(TASK DESCRIPTION): Retype all of the listing exactly, with no pictures.

(SOURCE MATERIAL):
==============================

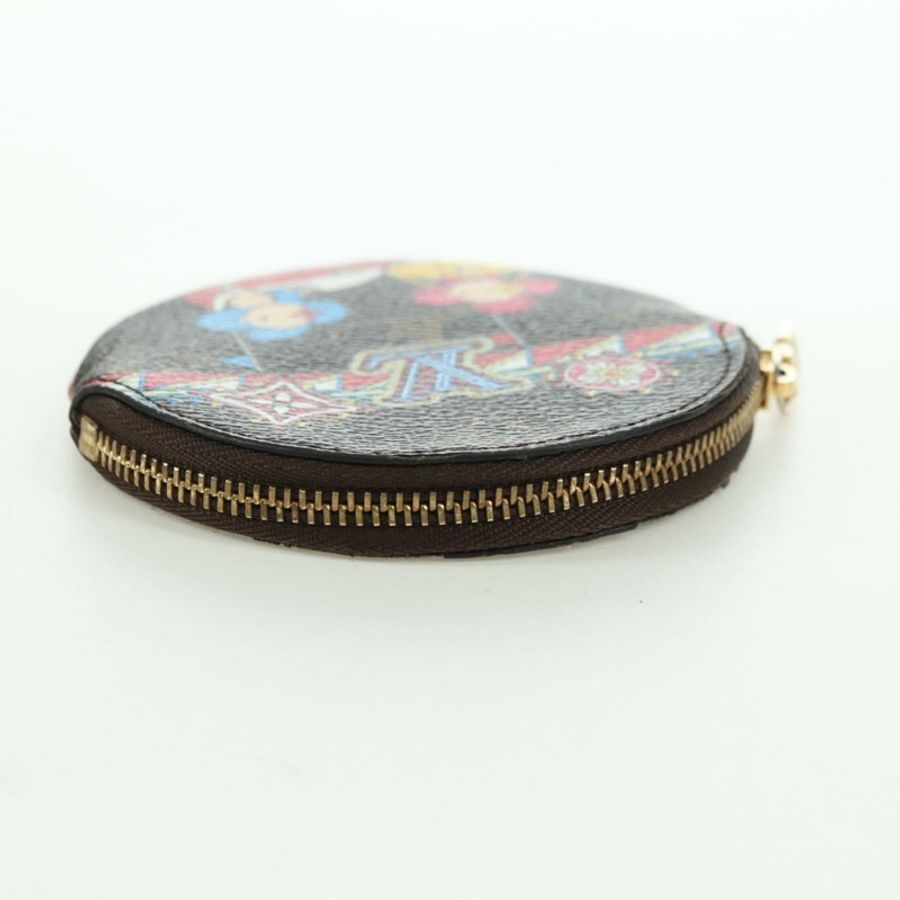 【日本直送】路易威登 Monogram Porte Monnaie 圓形皮夾 Vivienne M69749 正品 YKZ1503M-4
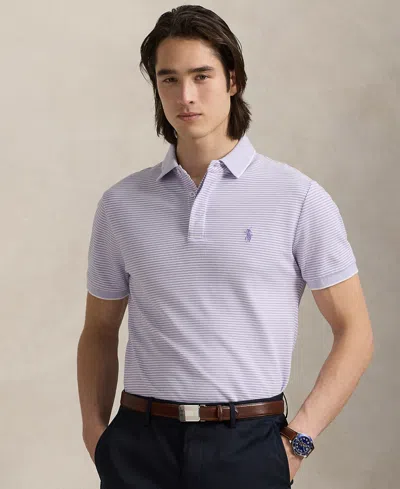 Polo Ralph Lauren Men's Classic Stretch Oxford Mesh Polo Shirt In Purple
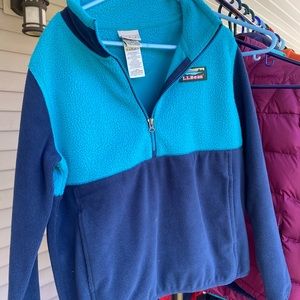 Ll Bean fleece pullover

==============================

(REPLY):
 【日本直送】路易威登 Monogram Porte Monnaie 圓形皮夾 Vivienne M69749 正品 YKZ1503M-4
 Polo Ralph Lauren Men's Classic Stretch Oxford Mesh Polo Shirt In Purple
 Ll Bean fleece pullover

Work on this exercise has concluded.